Moving as a Team
When you move as a team there are a number of formations to use in land combat. The decision is dependent on the likelihood of enemy contact, and the type of terrain the team or squad will be moving over or through. You can move in file formation when enemy contact is less likely and the terrain is difficult. When you follow in this single file line formation, maintain some distance in case of booby traps or a surprise grenade attack.
A line formation is when the team or squad moves up in a single line – say a ridge line to engage an enemy on the other side. It is effective when you’re moving up to engage an enemy or to concentrate maximum firepower on a target. You’re arm and arm next to each other; it’s like a wall of soldiers advancing.
The wedge formation is the best formation when moving from point A to point B as a team or squad. If you’re a squad then there will be at least two teams, (two wedges). A wedge will have a point man positioned ahead at the tip of the wedge; the team moves at his pace. If he stops then the team stops. If he approaches a danger zone or an enemy that hasn’t seen the team, he would report back and the team leader (usually in the middle of the wedge to direct his soldiers) would issue the orders to either engage or go around the danger area.
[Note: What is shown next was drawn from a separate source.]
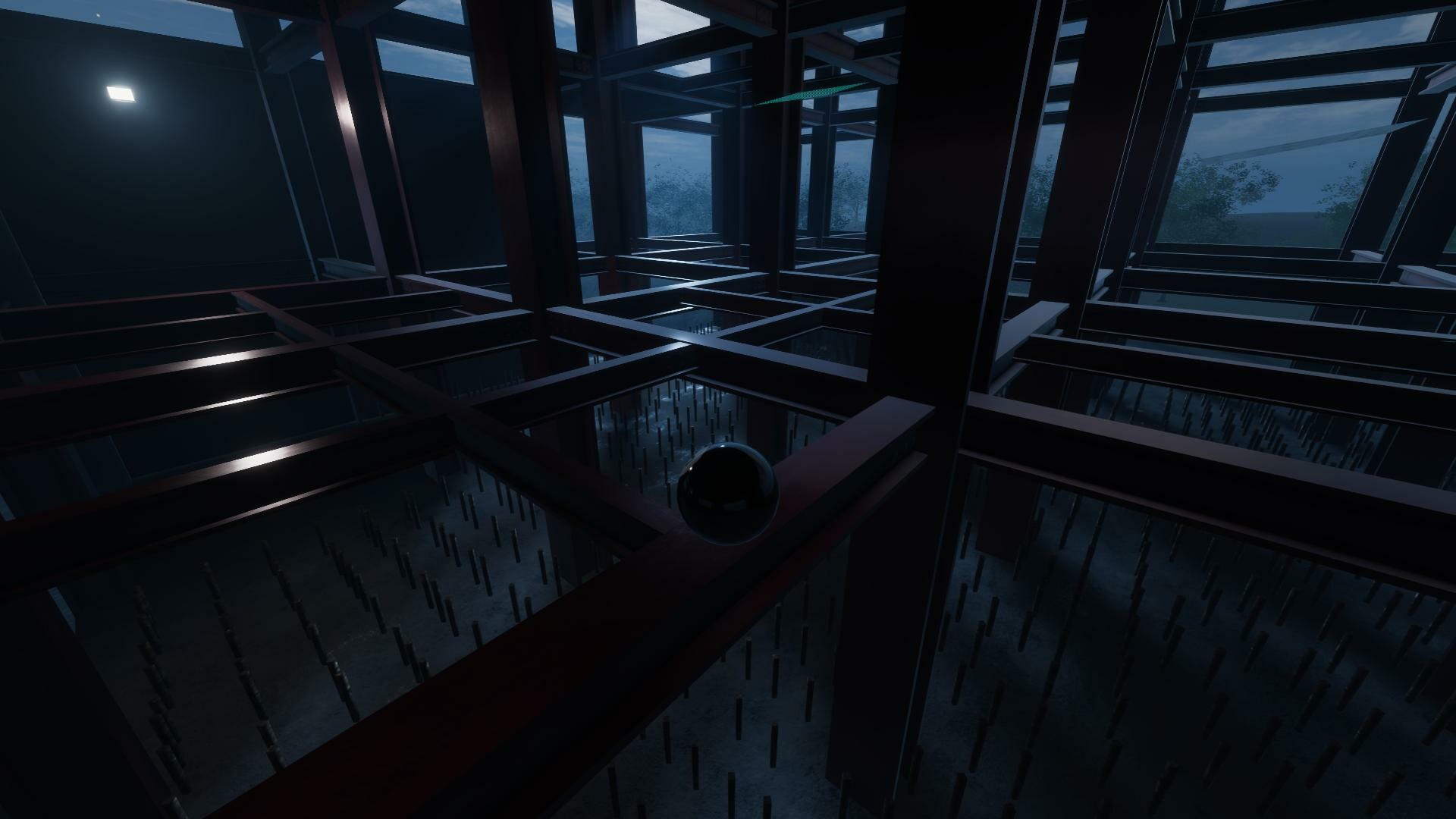 往返旅行-Round Trip 8-游戏截图-好玩游戏库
You can easily start in a wedge formation, come up to an enemy patrol or post, and then move up to line formation to begin the engagement.
Crossing a Danger Zone
When you come across a danger area like a open field or courtyard to cross, your team or squad would stop. You should set your two outside soldiers to watch the flanks, after popping smoke if needed, (remember smoke may give your position away) your soldiers will run across the danger zone and set up on the other side. Once all have crossed then you can continue on in the normal fashion.
3 to 5 Second Rushes
When you’re moving up on an objective or getting closer to an enemy for engagement and not out in the open, you should always follow the 3 to 5 second rule. Run from cover to cover for only 3 to 5 seconds. If you stay exposed any longer than, an enemy can sight and shoot you easier.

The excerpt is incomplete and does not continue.